The submission to City Council will kick off a transparent, public discussion of the ordinance, and city officials will continue to collect feedback from building owners and stakeholders over the course of the discussion.

"I am very excited that this ordinance will bring long-needed order and equity to outdoor advertising on buildings in downtown Detroit," said District 3 Councilman Scott Benson, who sponsored the ordinance. "This will be a boon to landlords and ultimately the city because of increased revenue, but perhaps as important, it will allow city officials to have more oversight to ensure that the signs don't subtract from our attractive downtown aesthetics."

Previously, the city’s sign codes banned “off-premise” signage, or large advertisements on building walls in the city’s central business district.
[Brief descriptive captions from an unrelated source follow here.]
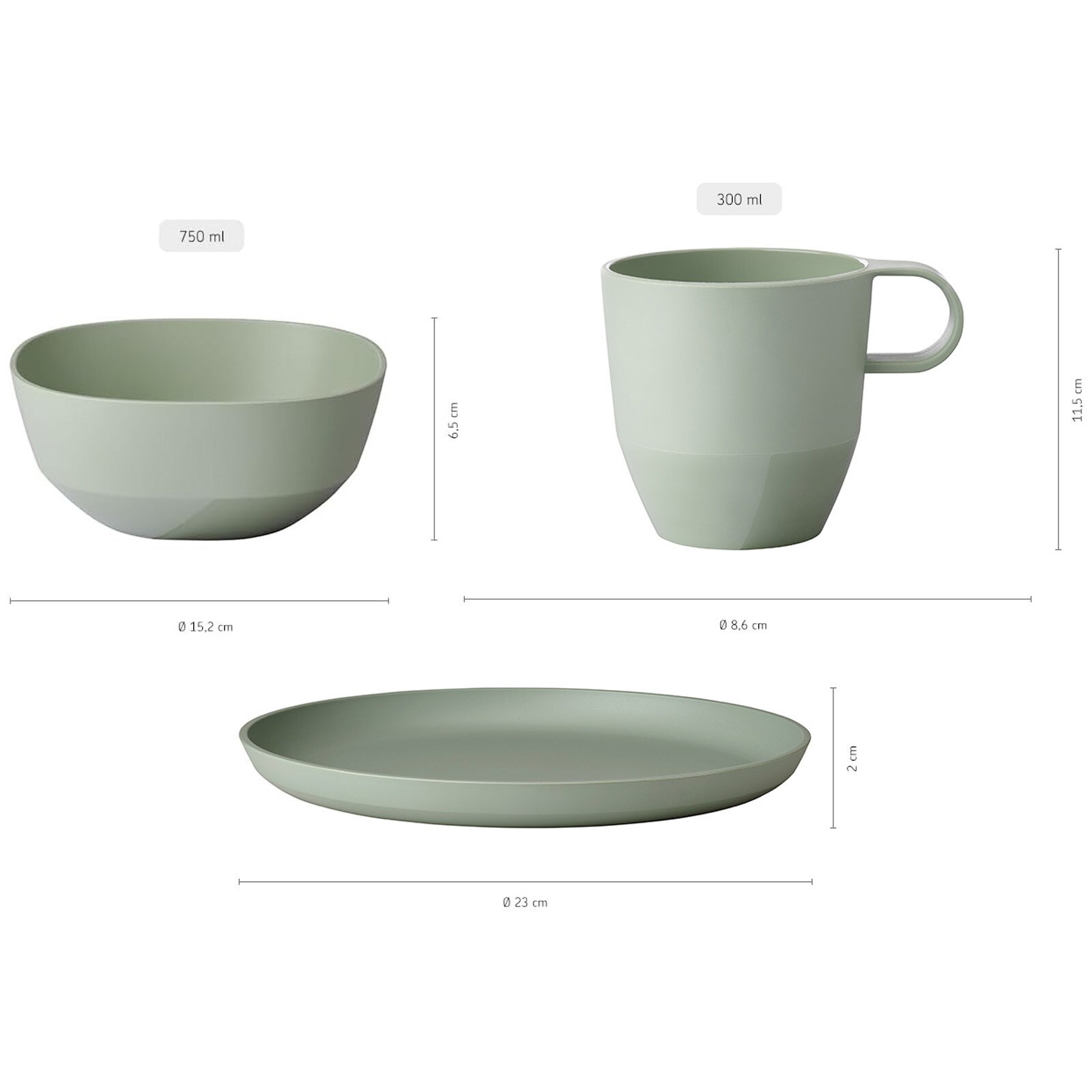 Mepal Frühstücks-Set Silueta 12er Set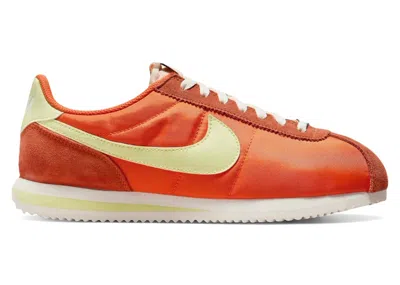 Pre-owned Nike Cortez Txt (women's) Sneakers In Safety Orange/sail/team Orange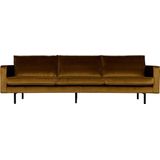 BePureHome Rodeo Bank 3-zits Velvet Honing Geel - Modern en eigentijds design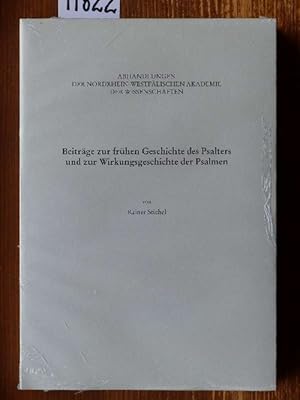 Beiträge zur frühen Geschichte des Psalters und zur Wirkungsgeschichte der Psalmen.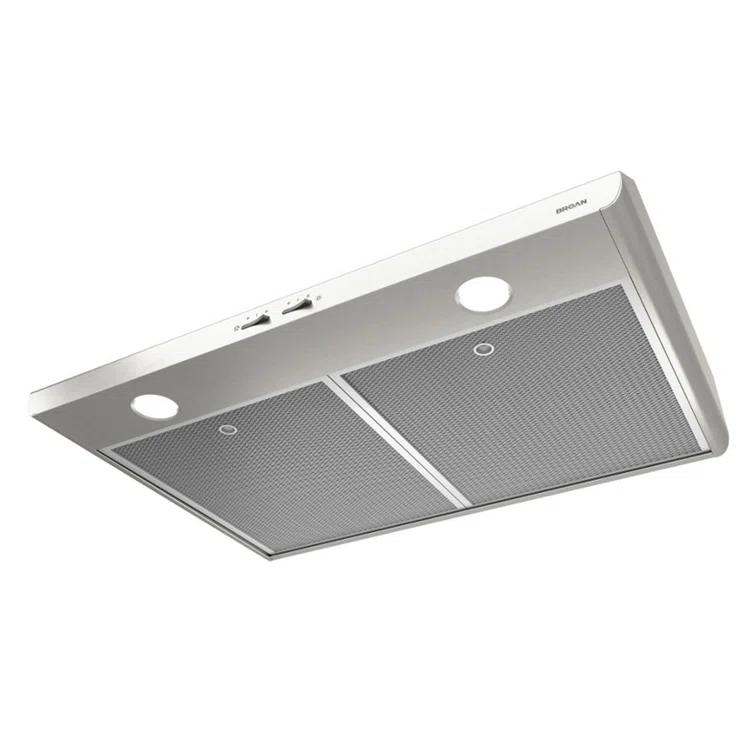 Broan NuTone Broan NuTone 30" Steel 250 CFM Convertible Under Cabinet Range Hood with Mesh Filter BKSH130SS
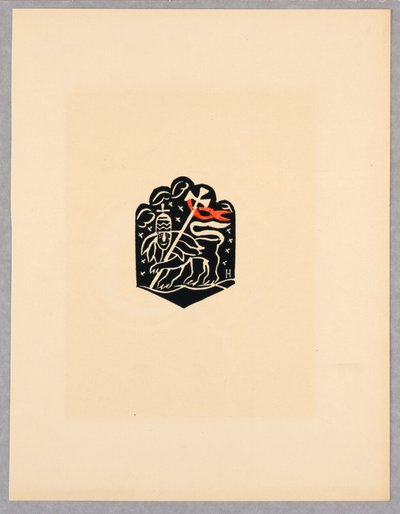 Print, Vignette, Plate X, Etiopien eller Christos, Madonna og Saints, som jeg så i belysningen af ​​den gamle etiopiske Codex -portefølje, 1920 af Unbekannt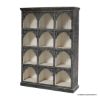 Picture of Camarillo Vintage Hand Carved Rustic Charcoal Black 12 Shelf Bookcase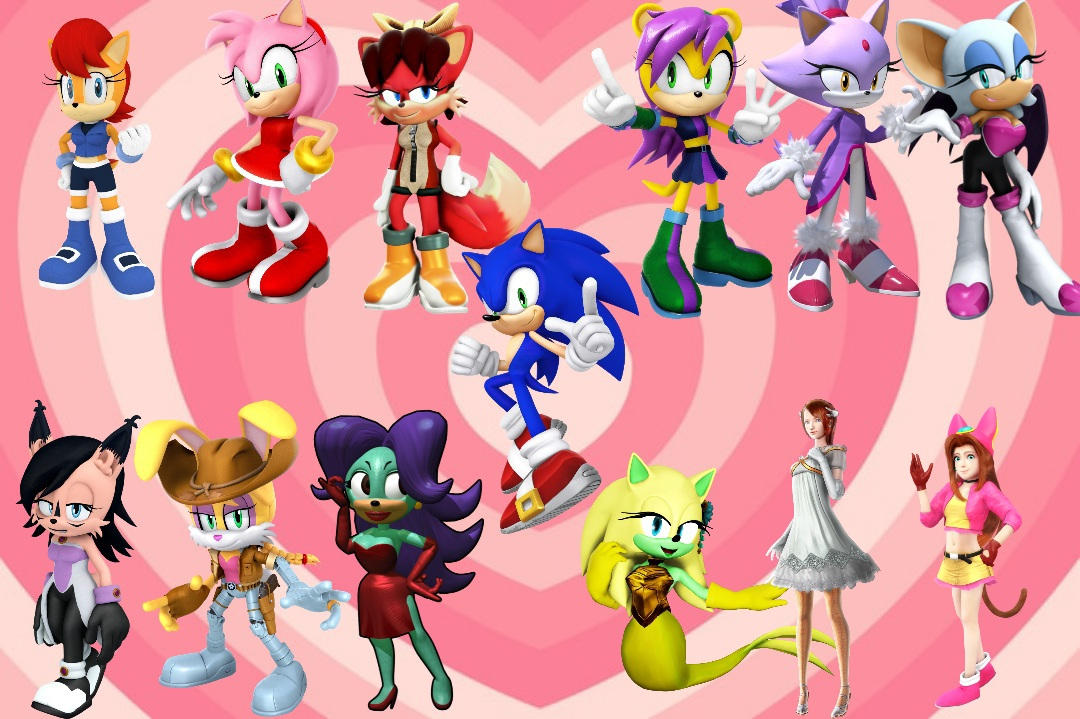 Sonic Girlfriends By SonicHedgehog02 On DeviantArt sonic-girlfriends-by-sonichedgehog02-on-deviantart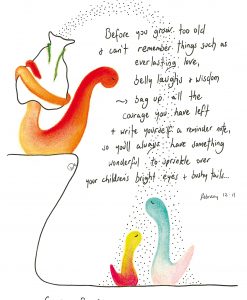 Soul Stories Greeting Card – Courage Bags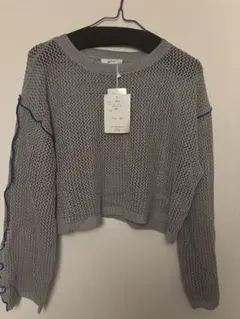 新品 メッシュニット グレー Lサイズ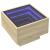 Masă laterală cu LED, stejar sonoma, 40x40x30 cm, lemn compozit GartenMobel Dekor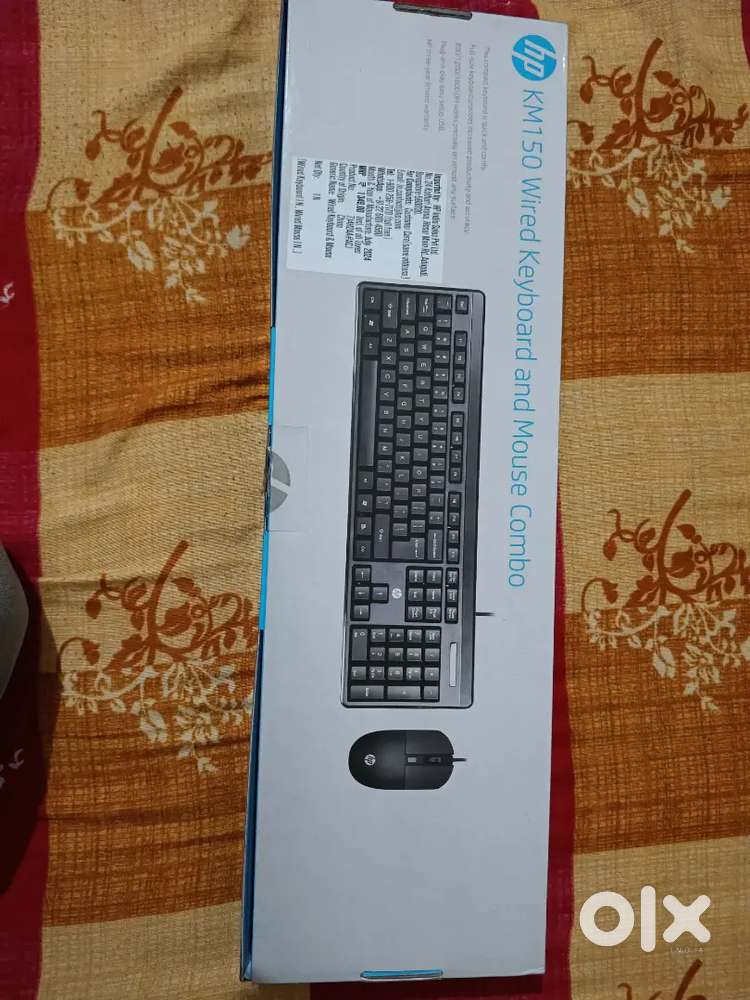 HP WIRED KEYBOARD WITH MOUSE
The proposed ordinance would lift that ban and create regulations on where and how these “off-premise” signs are placed, including size restrictions and a cap on the number of sign licenses. The ordinance would allow signs on only one side of a building and no more than one sign per wall. The new rules include location guidelines, a first come first serve system for license approvals, and a five-year term limit on licenses. The proposal introduces a cap of 60 total wall advertising licenses for the central business district.

Also new is a two-tiered category system that establishes size standards for different building types. The first tier creates a local advertising category, with smaller maximum height and sizes to allow for more eligible property owners, fewer regulatory requirements to lessen the burden on buildings owned by small organizations or individuals. The second tier creates a super advertising category, with larger maximum size and heights and stricter regulations, which are more manageable by owners of larger buildings. The new categories avoid unnecessary competition between vastly different building types and property owners. 

“We want to ensure that building owners and advertisers have modern, easier regulations for signage in Detroit,” said Arthur Jemison, Chief of services and infrastructure. “With the proposed ordinance, we have a chance to promote better opportunity for building owners and avoid an over-concentration that could overwhelm our residents and visitors.”

The ordinance comes on the heels of a significant increase in signs and advertising in Detroit, despite outdated regulations that made most signs illegal. At the end of 2017, the city reached a deal with building owners to remove most illegal signage in anticipation of the new ordinance to ensure new signage met the new standards.